• Krishna Kankipati

Use of Machine Learning in detecting Skin Cancer.

In this article, we will look into the methodology of an ML application used to detect Skin Cancers.

Skin Cancer

Skin is the largest organ in the body. Skin contains some cells called Melanocytes. These melanocytes secrete "Melanin", the dark pigments seen at some places of your skin as "Moles".

These melanocytes may proliferate more than normal to turn cancerous above a limit. Below that limit and above the normal pattern of proliferation of a cell it is Benign.

These changes arising from these melanocytes are classified into two types -

  1. Benign (Naevus)

  2. Malignant (Melanoma)

The Malignant/Cancerous changes in the melanocytes is called Malignant Melanoma

Skin cancer is the most common of all cancers.

Those are classified into two types...

  1. Melanotic Skin Cancers(MSC) - 5% of the total cases

  2. Non-Melanotic Skin Cancers(NMSC) - 95% of the total cases

Malignant Melanoma -

This cancer arises from the melanocytes usually in the skin but can form anywhere, such as in the Bowel Mucosa, Retina of Eye and the Leptomeninges where the melanocytes exist.

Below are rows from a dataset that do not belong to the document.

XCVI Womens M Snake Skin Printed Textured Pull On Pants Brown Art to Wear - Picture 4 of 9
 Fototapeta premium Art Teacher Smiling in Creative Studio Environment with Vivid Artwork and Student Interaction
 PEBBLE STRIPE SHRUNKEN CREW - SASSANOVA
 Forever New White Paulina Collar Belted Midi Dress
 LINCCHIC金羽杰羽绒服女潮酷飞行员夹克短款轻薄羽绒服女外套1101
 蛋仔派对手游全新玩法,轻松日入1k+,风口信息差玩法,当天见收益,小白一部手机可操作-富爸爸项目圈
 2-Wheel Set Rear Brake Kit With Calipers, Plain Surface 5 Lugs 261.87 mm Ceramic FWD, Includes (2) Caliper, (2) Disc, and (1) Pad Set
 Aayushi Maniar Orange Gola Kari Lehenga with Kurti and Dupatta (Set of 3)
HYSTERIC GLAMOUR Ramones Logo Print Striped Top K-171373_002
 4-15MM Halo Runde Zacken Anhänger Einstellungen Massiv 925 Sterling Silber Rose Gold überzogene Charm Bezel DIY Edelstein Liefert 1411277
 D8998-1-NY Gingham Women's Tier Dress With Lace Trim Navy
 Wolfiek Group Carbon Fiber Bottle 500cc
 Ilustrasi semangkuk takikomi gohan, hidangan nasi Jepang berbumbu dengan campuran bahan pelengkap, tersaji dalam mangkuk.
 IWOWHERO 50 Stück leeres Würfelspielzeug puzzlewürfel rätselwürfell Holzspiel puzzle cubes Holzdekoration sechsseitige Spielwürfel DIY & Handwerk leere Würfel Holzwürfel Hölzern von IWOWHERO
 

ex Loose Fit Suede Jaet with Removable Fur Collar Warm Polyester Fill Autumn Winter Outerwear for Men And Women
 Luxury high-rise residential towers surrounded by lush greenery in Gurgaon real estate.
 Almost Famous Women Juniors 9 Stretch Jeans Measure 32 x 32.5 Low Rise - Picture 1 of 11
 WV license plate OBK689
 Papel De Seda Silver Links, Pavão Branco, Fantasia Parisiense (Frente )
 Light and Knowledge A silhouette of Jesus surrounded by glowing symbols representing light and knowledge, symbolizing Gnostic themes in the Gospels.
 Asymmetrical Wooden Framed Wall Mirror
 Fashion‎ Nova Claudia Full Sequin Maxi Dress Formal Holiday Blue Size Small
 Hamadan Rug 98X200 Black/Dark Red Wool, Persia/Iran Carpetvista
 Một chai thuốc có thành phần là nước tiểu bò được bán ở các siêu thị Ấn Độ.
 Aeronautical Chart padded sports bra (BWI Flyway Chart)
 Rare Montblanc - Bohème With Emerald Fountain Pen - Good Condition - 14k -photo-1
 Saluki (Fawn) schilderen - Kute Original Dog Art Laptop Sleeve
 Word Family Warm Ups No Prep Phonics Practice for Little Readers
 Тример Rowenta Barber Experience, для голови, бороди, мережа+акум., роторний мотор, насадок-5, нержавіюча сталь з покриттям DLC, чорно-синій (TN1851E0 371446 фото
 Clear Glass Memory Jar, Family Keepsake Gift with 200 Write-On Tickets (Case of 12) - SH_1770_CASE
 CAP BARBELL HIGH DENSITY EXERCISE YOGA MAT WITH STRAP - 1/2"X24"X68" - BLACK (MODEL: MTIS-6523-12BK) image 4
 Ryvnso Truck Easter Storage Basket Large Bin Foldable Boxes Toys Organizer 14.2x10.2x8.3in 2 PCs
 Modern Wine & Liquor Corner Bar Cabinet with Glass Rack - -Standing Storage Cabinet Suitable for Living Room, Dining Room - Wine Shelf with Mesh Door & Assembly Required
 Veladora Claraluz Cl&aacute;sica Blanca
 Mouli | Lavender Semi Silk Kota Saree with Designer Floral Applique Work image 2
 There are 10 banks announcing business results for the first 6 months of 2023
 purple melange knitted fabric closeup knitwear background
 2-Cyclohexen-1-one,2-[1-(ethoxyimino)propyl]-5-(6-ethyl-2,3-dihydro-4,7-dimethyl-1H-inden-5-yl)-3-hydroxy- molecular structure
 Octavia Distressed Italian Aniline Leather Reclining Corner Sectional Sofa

  • Here we will be discussing Cutaneous Malignant Melanoma(i.e specifically the Skin Cancer).

Let us learn some facts regarding this cancer-

  1. It is the most aggressive cutaneous malignant tumour.

  2. Although it accounts for less than 5% of skin malignancy generally it is responsible for more than 75% of deaths related to skin malignancy(skin cancer).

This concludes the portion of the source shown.